The European Central Bank is preparing for liftoff, announcing Thursday that it will end monthly asset purchases on July 1 and likely lift key interest rates by a quarter of a percentage point next month as it vowed to bring surging inflation back to target.

Policy makers also left the door open to a larger rate increase in September. ECB President Christine Lagarde was due to hold a news conference at 8:30 a.m. ET.

A decision to end the asset purchases, which make up a practice known as quantitative easing, was widely expected alongside a signal for interest-rate rises, though some economists had been looking for policy makers to leave the door open to a half-point, or 50 basis point move, in July.

In its policy statement following a meeting in Amsterdam, the ECB Governing Council said it expected to raise rates again in September, with the size of the move to depend on an updated medium-term inflation outlook. “If the medium-term inflation outlook persists or deteriorates, a larger increment will be appropriate at the September meeting,” they said.

“We suspect this means they expect a 50 [basis point] hike to be needed at that point” in September, said Andrew Kenningham, chief Europe economist at Capital Economics, in a note. ” This would be in line with what investors are currently pricing in and in line with our prior view, albeit we had previously penciled in the 50bp hike coming in July rather than September.”

Beyond September, the ECB said it anticipates that a “gradual but sustained path of further increases in interest rates will be appropriate.”

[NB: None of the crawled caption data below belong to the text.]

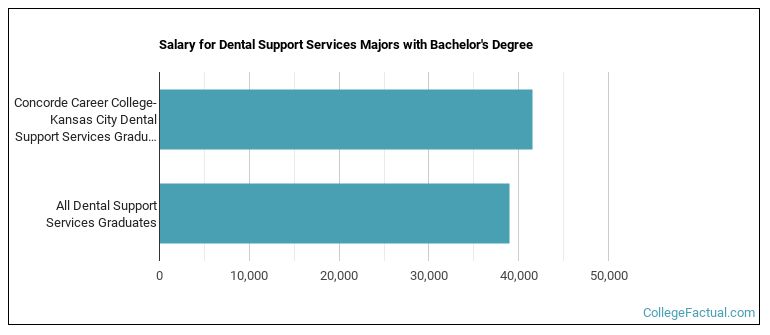 Salary for Dental Support Services majors with a bachelor's degree at Concorde Career College-Kansas City
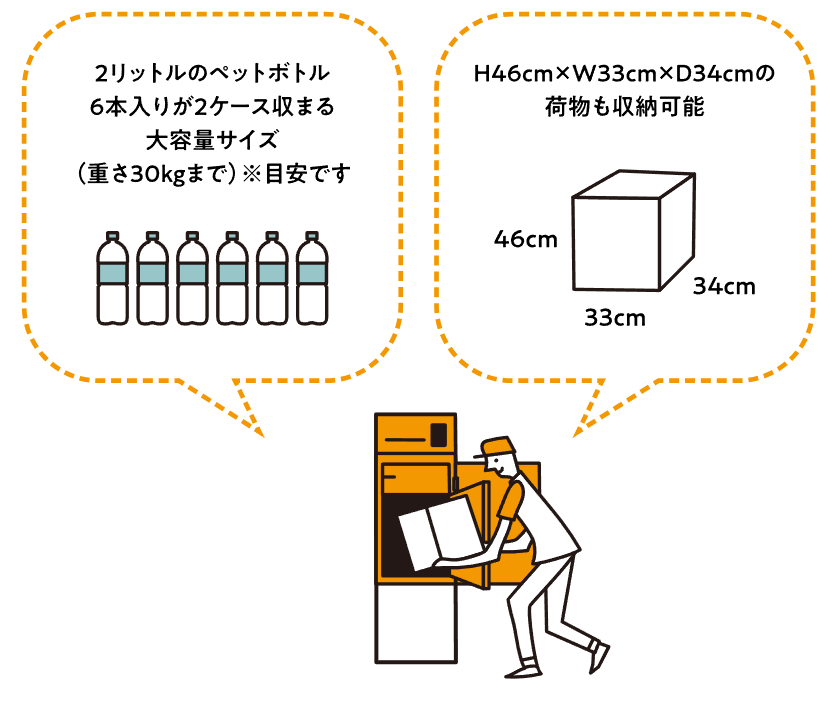 Yamasoブログ　LIXILお役立ち情報　リクシルのエクステリアで100のいいこと　58/100　大容量ボックス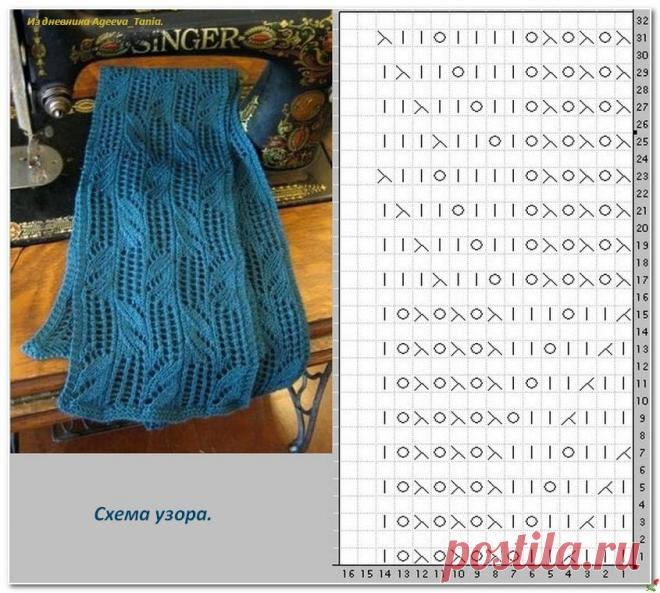 Узор спицами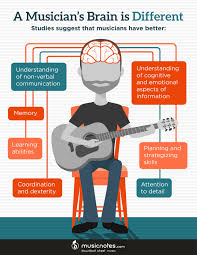 Learn How Music Benefits Your Mind Fun Animated Infographic Learn Music Music And The Brain Music Therapy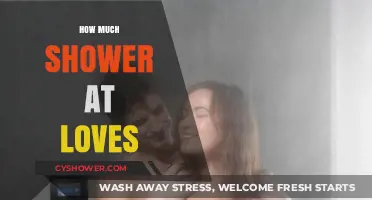 Revitalizing Romance: The Surprising Impact of Shower Time on Love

The ECB said inflation pressures “have broadened and intensified, with prices for many goods and services increasing strongly.” Eurosystem staff revised their baseline inflation projections up significantly, the ECB said, indicating inflation will remain “undesirably elevated for some time.”

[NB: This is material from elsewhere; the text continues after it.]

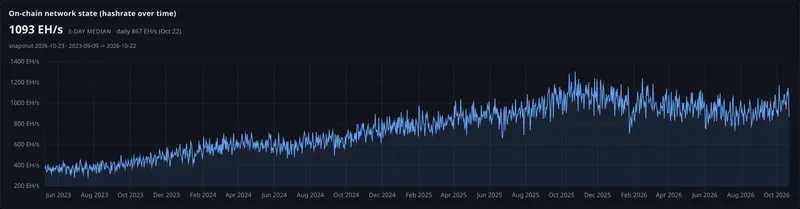on chain network state hashrate over time panel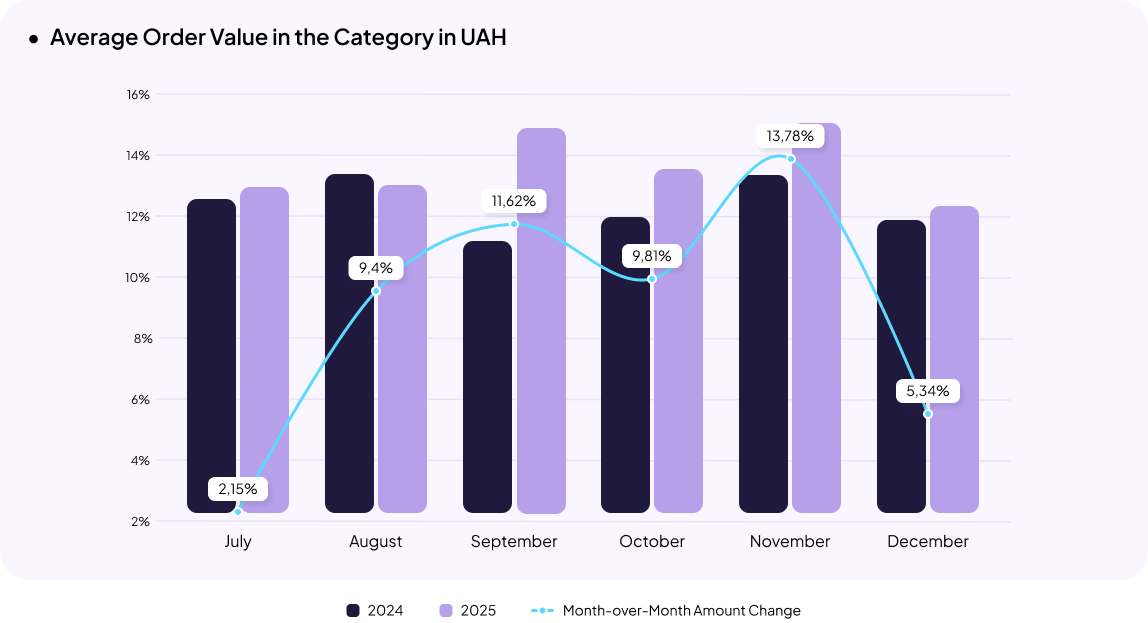 Automotive eCommerce in Ukraine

“High inflation is a major challenge for all of us. The Governing Council will make sure that inflation returns to its 2% target over the medium term,” the ECB said.

The new staff projections see annual inflation at 6.8% in 2022, declining to 3.5% in 2023 and 2.1% in 2024 — higher than in the March projections.

The euro fluctuated in the wake of the announcement before finding its footing to rise 0.2% versus the U.S. dollar EURUSD, +0.40% to $1.0745. The euro has tumbled more than 5% versus the U.S. currency in 2022 as the Federal Reserve moved early this year to end its bond buying and begin lifting interest rates.

European government bonds sold off, driving up yields.

The yield on the 10-year German bund TMBMKDE-10Y, 1.458% jumped 6 basis points to 1.421%, hovering at a level not seen since 2015. The yield on the Italian 10-year bond TMBMKIT-10Y, 3.557% surged 11 basis points to 3.473%, hovering around levels not seen since 2018.